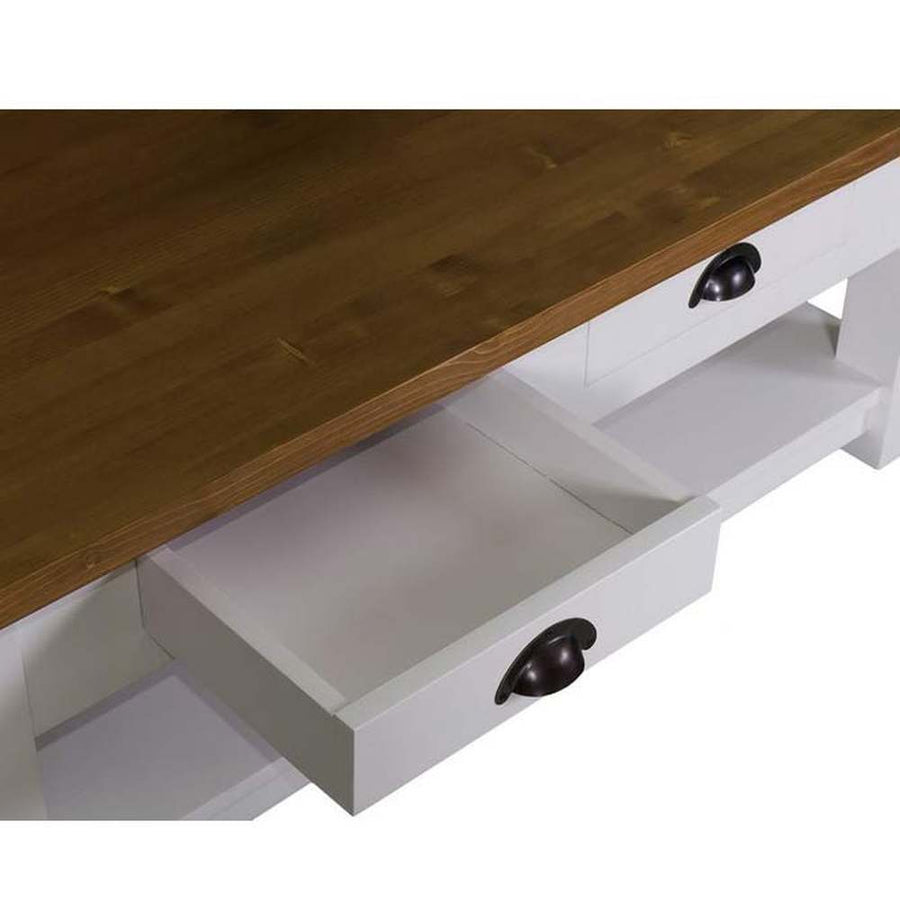 Részletfotó a dohányzóasztal kihúzott fiókjáról.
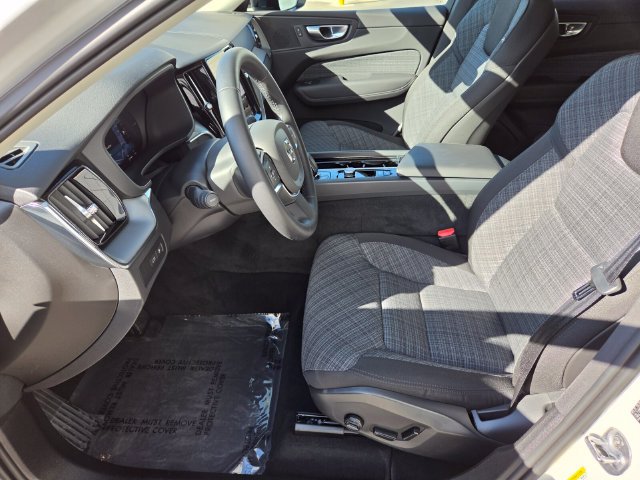 Used 2024 Volvo XC60 T8 Core AWD/4WD image 14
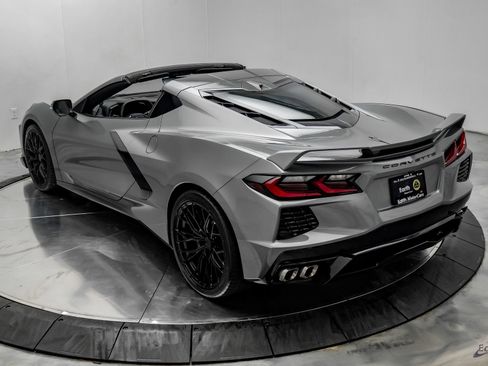 Used 2022 Chevrolet Corvette Stingray Preferred Cpe w/ Z51 Performance Package RWD image 15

- - - -

YOUR GOAL: Would you mind transcribing the material exactly, without the pictures?

THE ANSWER:
 Részletfotó a dohányzóasztal kihúzott fiókjáról.
 Used 2024 Volvo XC60 T8 Core AWD/4WD image 14
 Used 2022 Chevrolet Corvette Stingray Preferred Cpe w/ Z51 Performance Package RWD image 15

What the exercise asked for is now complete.